Non-Event, a Boston-based concert series focused on experimental music, collaborated with the Waterworks Museum for Friday night’s event. The concert featured pieces by Mem1, the electroacoustic duo of Mark and Laura Cetilia, and experimental musician Brendan Murray.
The musical set involved electronic manipulation of sounds produced by a conventional cello to create a distinct sound that bathed the setting in a ghostly, orchestral atmosphere. Experimental musicians push the limits of acoustic principles by using different techniques to create unconventional music.
The introduction of electronics and specialized computer programs increased the versatility of an instrument and the range of sounds it can produce. With a complex array of microprocessors and computer installations, sounds can be transformed into novel tones, the building blocks of experimental music.
The different acoustic surfaces, from the brick walls of the museum to the iron surfaces of the steam engines, affect the quality of the sounds that bounce off of them.

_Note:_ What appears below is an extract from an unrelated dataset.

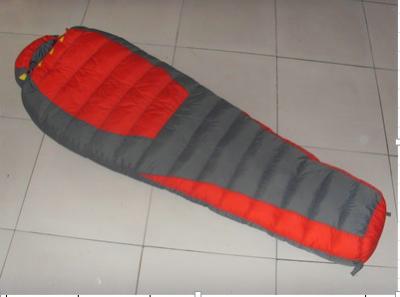 China Polyester Zipper Down Mummy Sleeping Bag For Outdoor Hiking for sale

As a result, the music sounds different depending on where you stand in the museum.
For the film aspect of the night, Balagan Films and AgX Film Collective collaborated with the Waterworks Museum to feature experimental movies produced by Anto Astudillo, Sarah Bliss, Christina Hunt, Frank Aveni, Stefan Grabowski, Susan Deleo, Genevieve Carmel, Youjin Moon, Robert Todd, and Douglas Urbank specially made for the event.
Tinted lights glinting off streams of film hanging from parts of the steam engines created a shimmering effect throughout the museum. Multiple film projectors were set up around the hall, projecting the experimental films onto the walls of the museum and the structures of the steam engines, capitalizing on how we see to create the illusion of fluid motion. The aquatic-themed films, keeping the nature of the venue in mind, were strategically projected onto parts of the steam engines that once contained water, reminding the audience of the past.